Казалось, чуть ли не каждый солдат, побывавший в России, жаловался на дождь. «Постоянные грозы перешли в непрерывный ливень, — стенал Гарри Милерт в июле 1941 года. — Все вокруг превратилось в водянистое черное месиво. Болота завоняли еще сильнее, наполнившись тушами животных и телами людей, а в лесах просто ужасно». «Дороги невероятно плохи, — писал ефрейтор В. Э., — и в дождливую погоду почти непроходимы. Люди и лошади выбиваются из сил. Проехать на мотоцикле или машине обычно просто невозможно». Чуть более чем через год, в глубине России, ефрейтор Г. Т. жаловался: «Позавчера дождь шел весь день и всю ночь, а сегодня наутро проявились последствия: ревматизм, боли [Reifien] и особенно то, что с ними рифмуется [Scheifien — понос]».
Гельмут Пабст в октябре 1942 года отмечал похожие неудобства: «Я сижу на заднем сиденье в передвижной радиостанции, задрав вверх раненую ногу, и смотрю, как одежда облепляет тела моих товарищей. Дождь и снег бьют им в лицо, и ледяной ветер лениво треплет намокшие тенты машин. Кучера на телегах сидят с онемевшими руками, со скривленными от боли лицами, склонив набок головы. Так они и ведут телеги по воде и грязи, словно неповоротливые, тяжелые, перегруженные корабли, кренящиеся в ямах и колеях дороги. Эта дорога… плод упорных и непрерывных всеобщих усилий и трудов».
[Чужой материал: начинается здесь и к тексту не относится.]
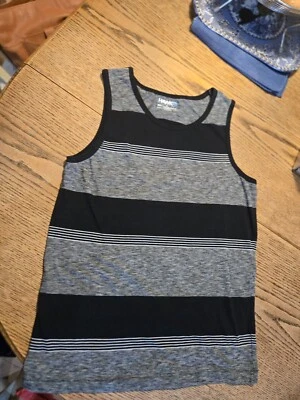 Mens T shirt - Hawk -sleeveless size M black and white - Image 1 of 3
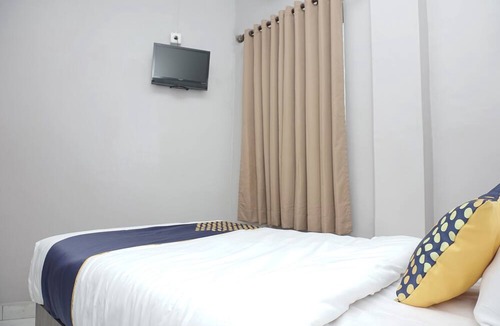 Rantauprapat Hotel | OYO 2200 Hotel Gunung Sari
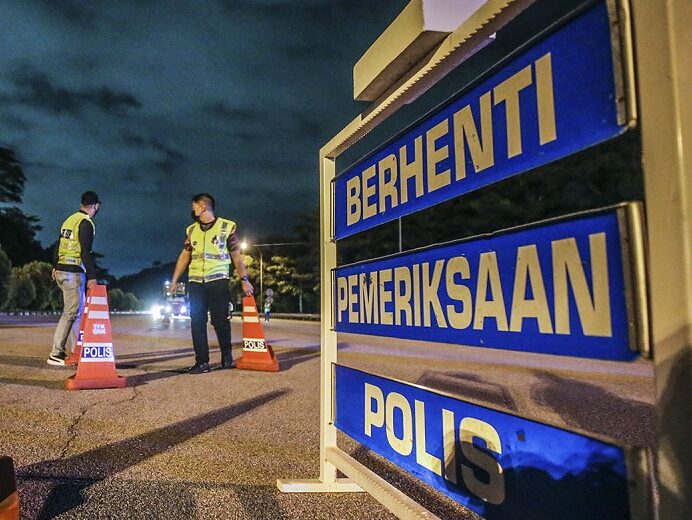 Polis sentiasa melakukan operasi berterusan dalam mengekang aktiviti lumba haram. - Foto oleh Hari Anggara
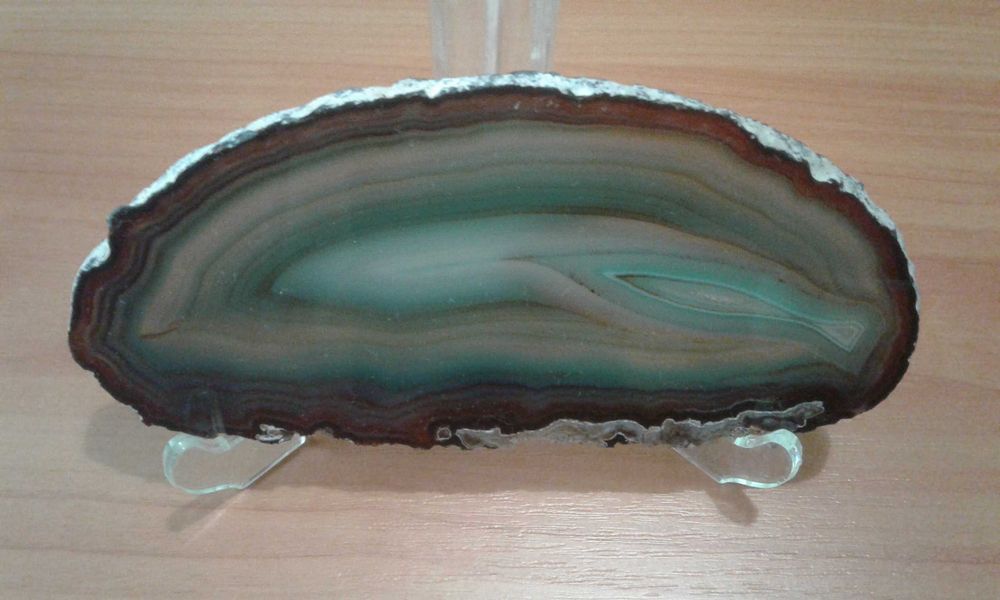 Сувенір з кольорового скла, з неогранованими краями.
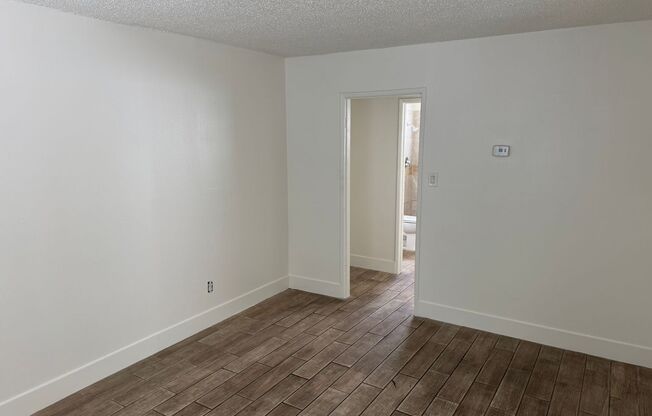 2517 Cedar Ave
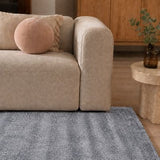 Teppich Weiß und Blau aus Viskose – Pixel, im Wohnzimmer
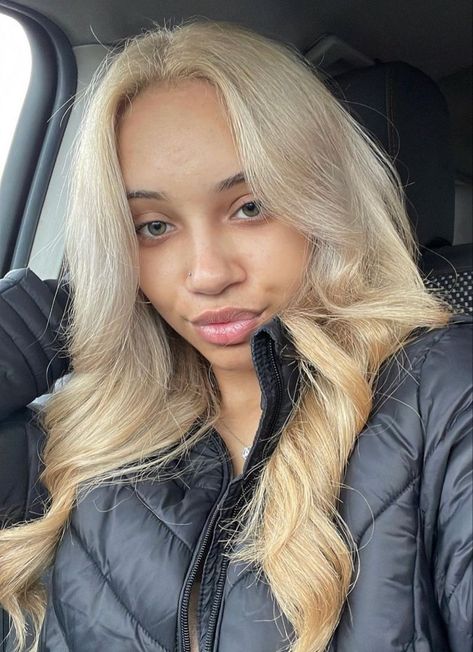 Blonde Natural Hair, Blonde Natural, Girl Hair Colors, Honey Brown Hair, Straight Blonde Hair, Blonde Hair Girl, Dyed Natural Hair, Honey Blonde Hair, Ash Blonde Hair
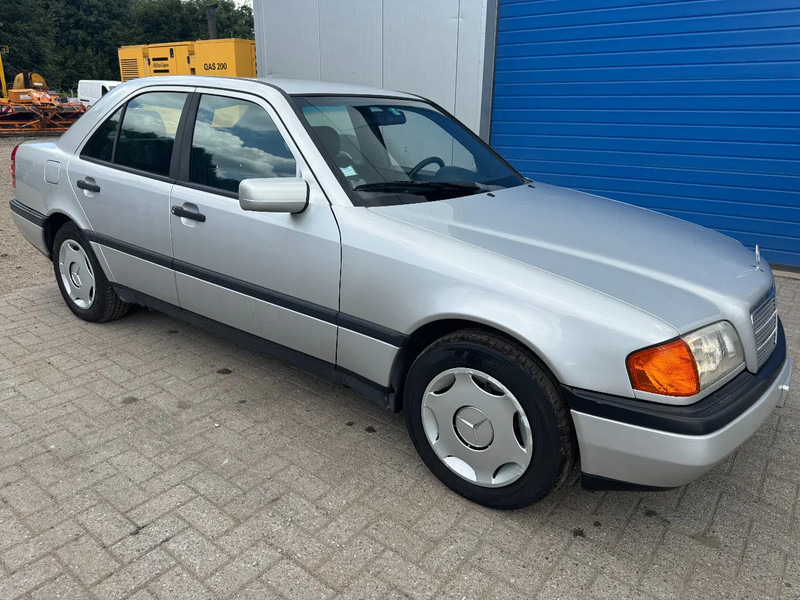 Mercedes-Benz C-Klasse **C250DIESEL+AIRCO** - Sedan: hình 3 Mercedes-Benz C-Klasse **C250DIESEL+AIRCO** - Sedan: hình 3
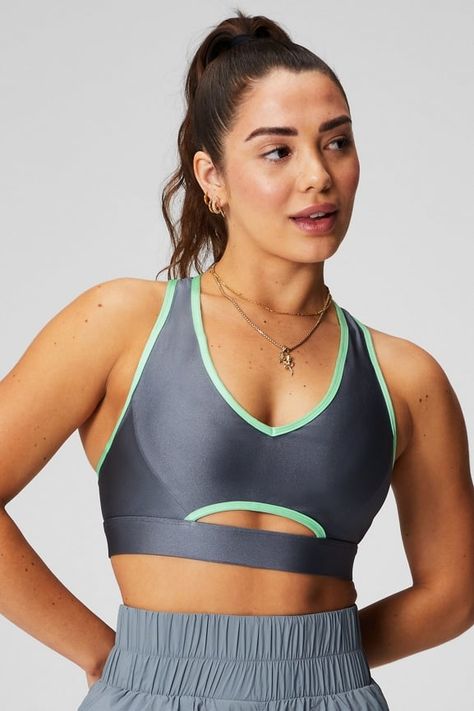 Low Impact Keyhole Sports Bra Female Activewear, Printed Bras, Womens Sports, Racerback Sports Bra, Foil Print, Bra Cups, Sports Bras, Model Photos, Gym Outfit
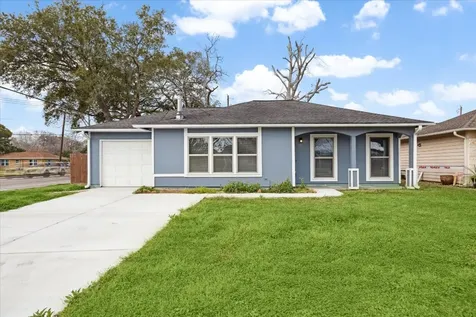 714 Heisse Street Alvin TX 77511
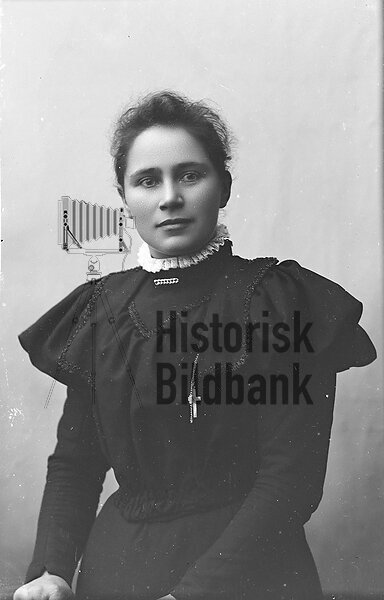 KNUTSSON, BETTY
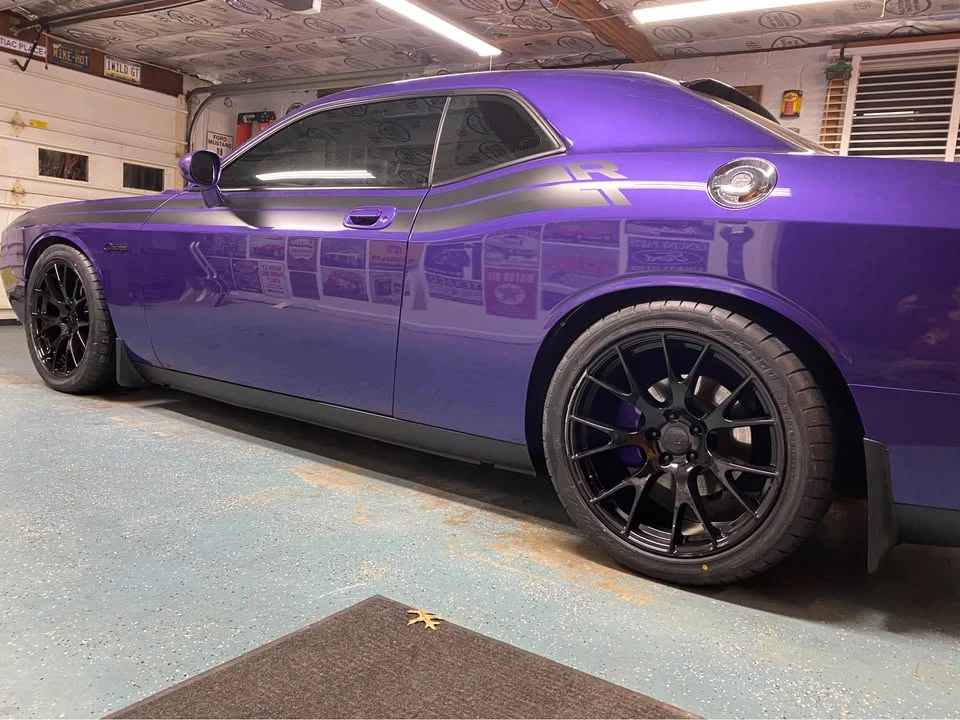2010 Dodge Challenger 3rd Gen - Image 3 of 10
Описание Пабста практически идеально подходит к условиям России: изнуряющие усилия, необходимые лишь для того, чтобы преодолеть суровую стихию. Словно для того, чтобы показать, что дождь приносит огромные несчастья и в других местах, Вальтер Хаппих писал из Голландии в ноябре 1944 года: «Непрерывные дожди отнимают у нас много сил. Нормальных позиций здесь не найти. В некоторых окопах вода стоит глубиной по щиколотку». Вынужденные жить под открытым небом, многие пехотинцы с готовностью согласились бы с тем, что замечание Анри Барбюса о Первой мировой войне в равной степени применимо и ко Второй: «От сырости люди ржавеют, словно ружья, медленней, но основательней».
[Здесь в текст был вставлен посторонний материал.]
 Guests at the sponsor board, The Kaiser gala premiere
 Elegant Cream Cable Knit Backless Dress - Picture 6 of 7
Кроме дождя была еще и однообразная ужасная грязь, которая становилась его следствием и казалась вездесущим, бездонным, липким месивом, отчаянно цеплявшимся за всех и за все, с чем оно только соприкасалось. Зигфрид Кнаппе отмечал: «В конце сентября [1941 года] пошли дожди, и грязь стала доставлять нам проблемы… В грязь превращалось все… Земля стала просто грязным болотом. Огромные комья грязи налипали на сапоги, и каждый шаг производил чавкающий звук. От нее житья не было». На пути к Москве в конце октября 1941 года Генрих Витт также был ошеломлен всепоглощающей русской грязью. «Дороги снова растаяли, — писал он. — До такой степени, что машины на них просто тонули, и их приходилось вытаскивать. Мы вынуждены были целых два дня вытаскивать их буквально на руках, пока полк преодолевал пару километров грязи». Ганс-Генрих Людвиг считал, что тому, кто сам этого не испытал, не понять, что такое «приводящая в бешенство» русская грязь. Впрочем, Эрнст Клейст был готов поспорить с этим утверждением: «О фламандской грязи, конечно, тоже ходит громкая слава». По иронии судьбы, пожалуй, самой странной и обескураживающей для фронтовиков стала грязь солнечной Италии. «Вокруг все в грязи, — жаловался Гельмут Вагнер из Италии в октябре 1943 года. — Грязь облепляет коркой руки, сапоги, брюки и шинель, тяжким грузом повисая на ногах. За последние пять дней мне так и не удалось обсушить ноги».
И все же наибольший ужас внушала вязкая грязь России-матушки. В день своей смерти в апреле 1944 года Клаус Лешер писал из России о трудностях распутицы: «Грязь в окопах доходит до середины голени, а под слоем грязи все еще лежат толстые пласты льда. Но в то же время вчера стояла мрачнейшая дождливая погода. Часовые не могли разглядеть даже собственные руки». Рембранд Элерт описывал сельскую местность в России во время распутицы так:
«Море грязи, которое нередко тянется на многие сотни метров. Однажды наша машина в ней застряла. И всем нам пришлось спрыгнуть в воду глубиной едва ли не по колено и толкать машину. Некоторые оказались с ног до головы облеплены комьями грязи… Дождь лил как из ведра, и в голой степи хлестал ветер.
Около двух часов ночи мы наконец застряли окончательно. Завернувшись как следует в шинели и одеяла, мы попытались уснуть. Однако ноги, вымокшие по колено и покрытые многосантиметровым слоем грязи, постепенно превращались в ледышки».